I will not share with you my own theories of the film now: this is merely a spoiler-free review and that will have to wait for a later analysis post. My job is merely to convince you to see the film, and I must say, this is a very easy job. Nolan's film is a triumph of originality; it feels like nothing you've ever seen before. In a year full of adaptations and sequels, whether good films or not, Inception stands out for telling us a story we haven't heard before. This is the movie James Cameron's Avatar should have been. Originality aside, this is a fascinating story full of literal and figurative (and possibly imaginary) layers. The themes and motifs presented almost make me want to write a paper explaining them all, almost (this will have to wait for later). 

Oft criticized is the development of the characters beyond the main protagonist Cobb. Yes, the supporting characters are perhaps underwritten, but the talented cast brings much to their characters through their wonderful performances. Notable is the young Joseph Gordon-Levitt very much holding his own alongside veteran DiCaprio. His rivalry of sorts with the ever jovial Tom Hardy add much needed comic relief. While I wouldn't trust a comedy in the hands of Nolan, his films are far from devoid of humor. While the criticisms certainly have basis, the film still gives us effective characterization in a minimal amount of time; if we were to be satisfied with an arc for each character the film would have been overlong. In the end, the triumph of Inception is that it makes us care for each of the characters, while still being a spare, visual film.
If one element of Inception stands out to me, it is the music. At first, it sounds like a standard thriller score, not unlike that of Shutter Island or Nolan's own The Dark Knight. This, however, sets itself apart with a theme that applies the same rules of time dilation as the film. This score is both ominous and touching. It is like the MSG of music: listening to it will make any situation exponentially more awesome including board meetings, first dates, and, of course, writing blog posts about Inception. While it includes all the standard pounding strings, horns, and drums that you would expect, it also weaves in atmospheric Blade Runner-esque synths and electric guitar progressions so awesome that they must have been played on the top of mount Everest, blasted from IMAX theater speaker stacks, and recorded from passing jetliners.

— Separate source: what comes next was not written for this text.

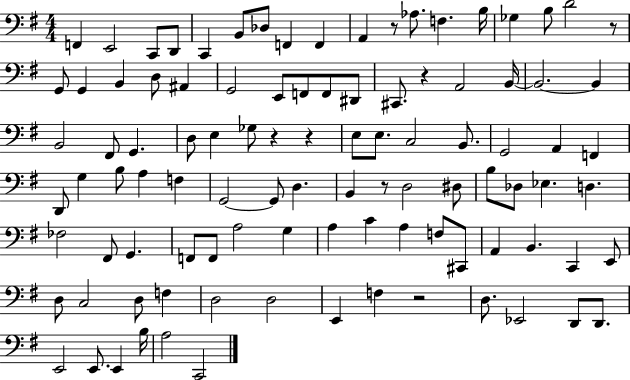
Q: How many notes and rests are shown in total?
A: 100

There is much still to be said about Inception, but the review must end somewhere, so I will leave you with this final thought. As with most great works of art, Inception comments on its own medium. Cobb is known to use a certain tactic in dream extraction, known as the "Mr. Charles". This is where Cobb, as "Mr. Charles", tells the dreamer he is dreaming, using reverse psychology to get the dreamer to let down his subconscious guard. What Inception does is pull a "Mr. Charles" on the viewer. It lets us know we are watching fiction, so we willingly suspend our disbelief as characters fold cities and grapple enemies in zero gravity. The trick is that we subconsciously let the characters into our minds and start to deeply care about them, even projecting our own subconscious over the characters, so we too, feel a part of the film. Whatever the film ends up being truly about doesn't matter. What matters is that Nolan is the architect, and we, the audience, share the dream.

Official YAMB rating: Like

J. Bernard Muyskens

1 comment:

  1. I wouldn't say confusing, but challenging and complex. Which are good things.